Saturday, May 19, 2007

On Ken Follet's “Jackdaws”

Diana was too grand to do the menial war work that most women were offered. “Well, I’m here to propose something more interesting.” ……“Flick, darling, don’t tell me you’re involved in cloak-and-dagger stuff.”

In Jackdaws (JD), Ken Follet (KF) created an outstanding World War II thriller, resplendent with drama, action, emotion, and a patriotic passion among its ubiquitous and stirring fem fatales. JD, a historical novel, is the story of how an “all-female” special operations team planned and executed the destruction of a Gestapo communications centre in France, right on the eve of D-Day.

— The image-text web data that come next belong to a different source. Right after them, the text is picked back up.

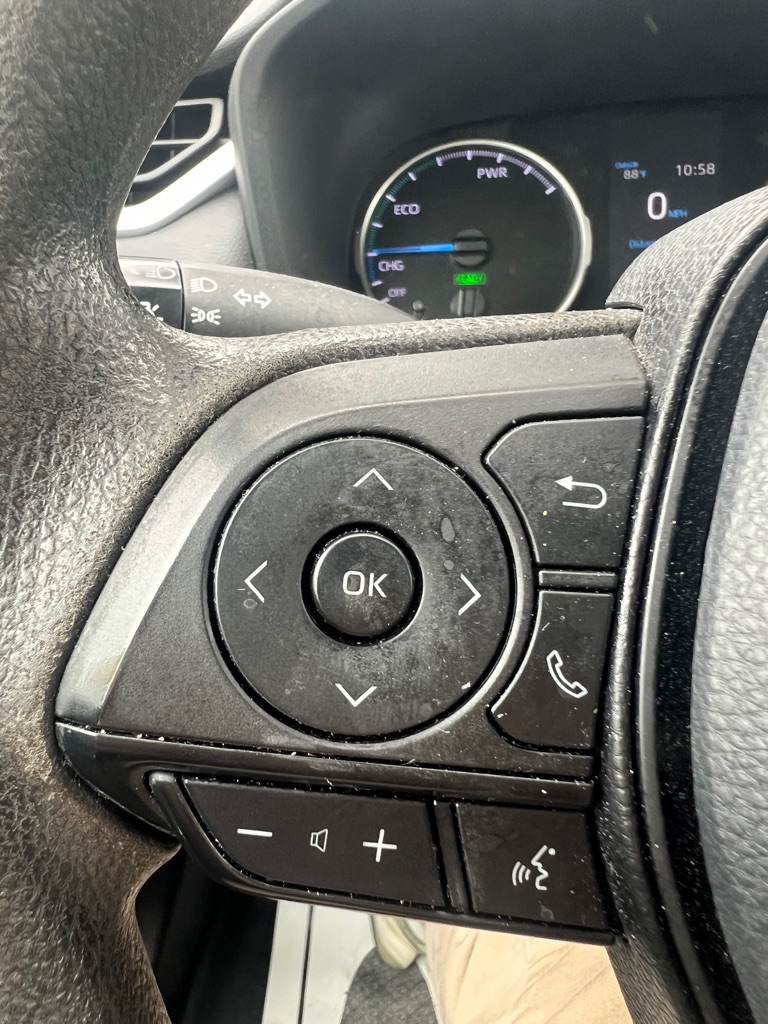 Photo 31 of this TOYOTA RAV4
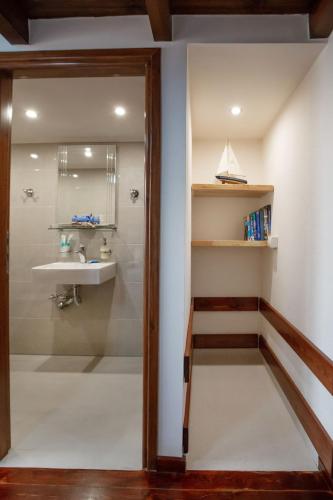 Casa Alba Seaview House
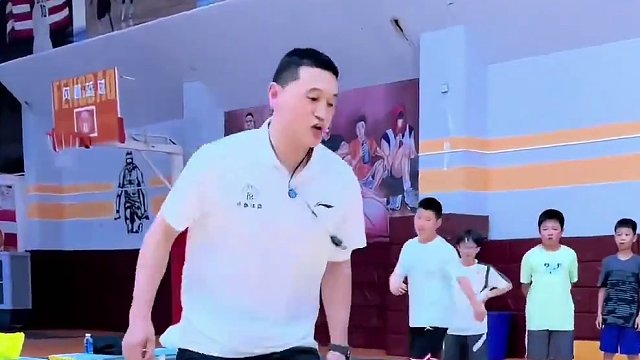 #篮球 #日常训练 #一分钟干货教学 
结合灵敏圈道具强化脚步
｜宽姿态前后上步滑步移动
｜横向移动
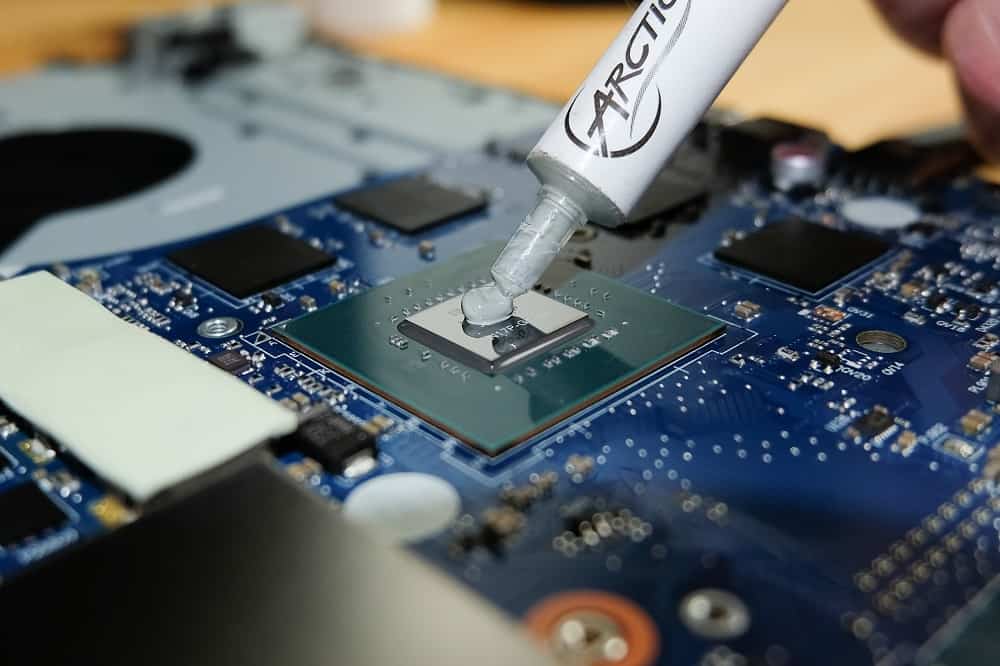 thermal paste application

The title of the novel is actually the code name of the small all women squad, created and run under the supervision of Felicity Clairet, alias Flick, a British army Major. Though a fiction, JD mimics the true story of fifty women spies who were sent to France on a very similar mission. Flick, on lines akin, has imaged very closely the real life of Pearl Witherington. With Flick KF has sketched a hero; let me cite one of the triumphs of Flick over her strongest enemies, when she had succeeded in deceiving him aptly: “The infuriating possibility had already begun to dawn on Dieter. He knew from bitter experience that Flick Clairet was a master of deception. Had she fooled him again?”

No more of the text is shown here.